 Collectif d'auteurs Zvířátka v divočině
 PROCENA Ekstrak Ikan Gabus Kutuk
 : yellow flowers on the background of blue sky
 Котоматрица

----------------

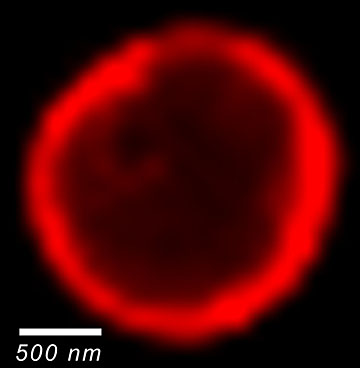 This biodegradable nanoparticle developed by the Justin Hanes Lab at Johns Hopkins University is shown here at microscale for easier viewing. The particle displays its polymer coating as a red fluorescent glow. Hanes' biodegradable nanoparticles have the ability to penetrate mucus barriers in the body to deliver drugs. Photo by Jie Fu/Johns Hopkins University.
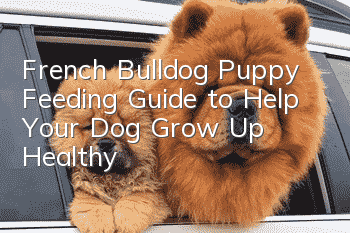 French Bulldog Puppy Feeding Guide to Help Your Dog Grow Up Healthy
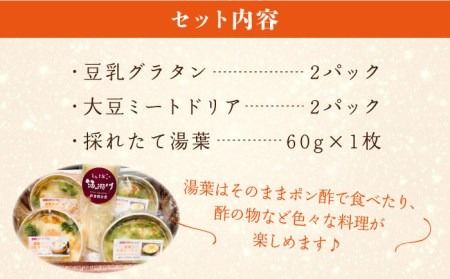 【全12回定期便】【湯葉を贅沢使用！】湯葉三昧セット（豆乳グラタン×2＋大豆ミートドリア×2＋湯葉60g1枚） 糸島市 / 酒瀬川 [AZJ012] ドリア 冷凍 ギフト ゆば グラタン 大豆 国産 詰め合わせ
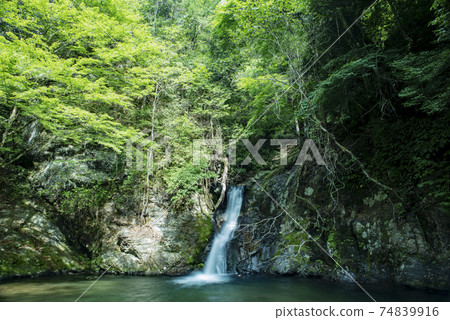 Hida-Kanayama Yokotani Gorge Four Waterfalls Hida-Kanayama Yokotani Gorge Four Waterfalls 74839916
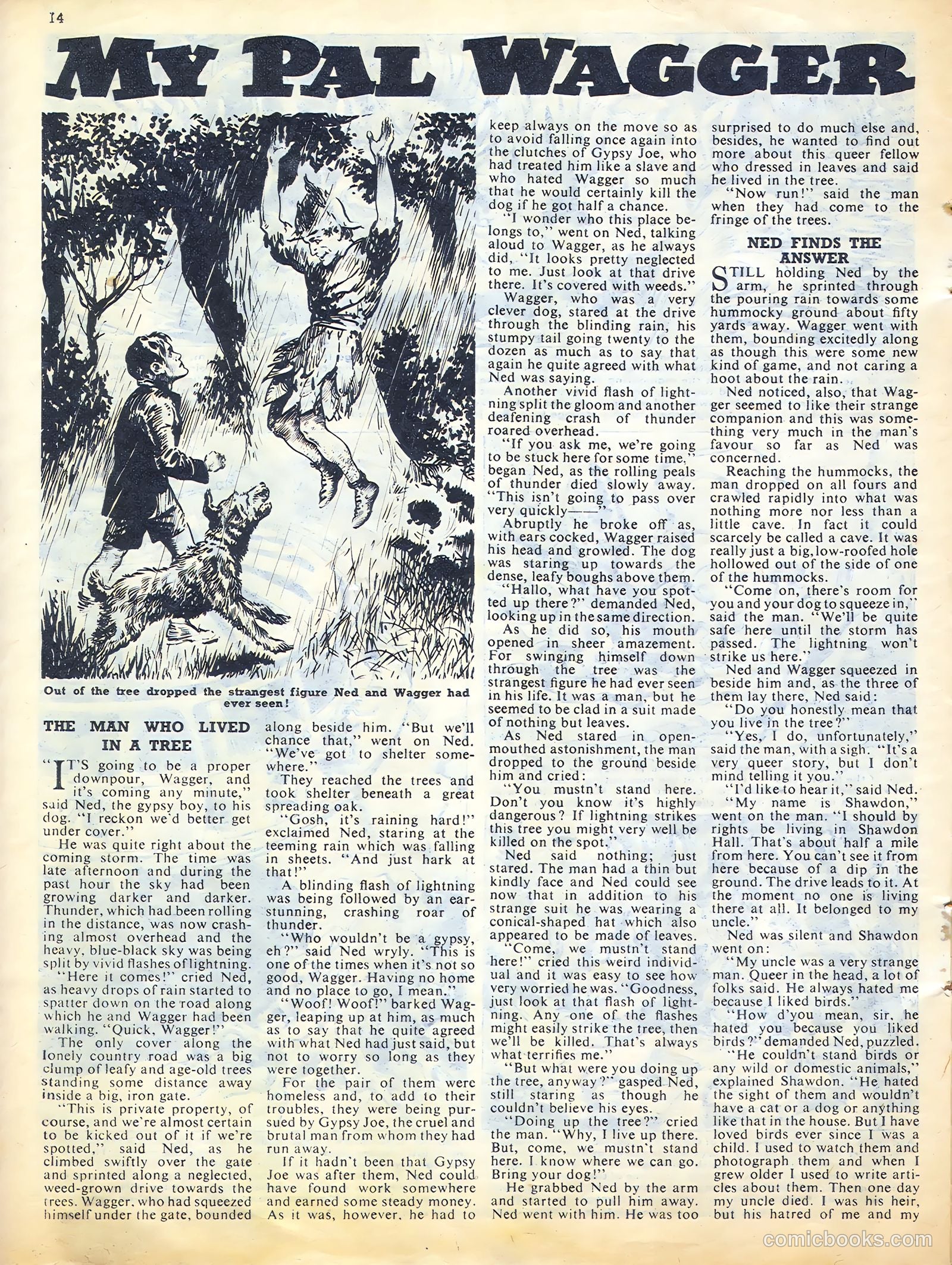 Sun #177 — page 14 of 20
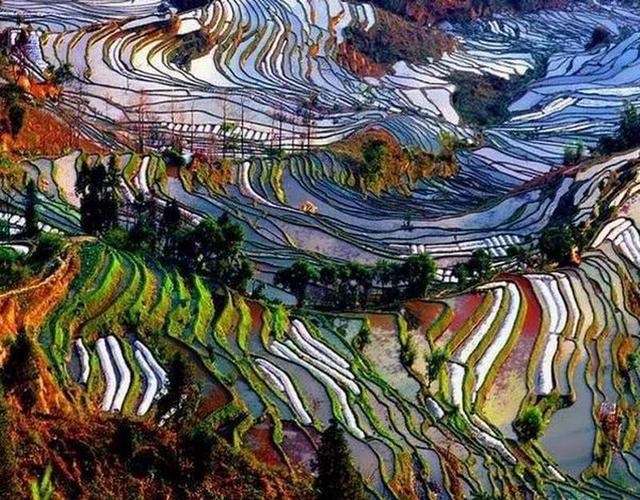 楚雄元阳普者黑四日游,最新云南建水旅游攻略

----------------

### Task details
The expected answer is an exact copy of the lines above, beginning at the line with "Collectif d'auteurs Zvířátka v divočině" and ending at the line with "Котоматрица", with both ends in.

### Reply to the exercise
 Collectif d'auteurs Zvířátka v divočině
 PROCENA Ekstrak Ikan Gabus Kutuk
 : yellow flowers on the background of blue sky
 Котоматрица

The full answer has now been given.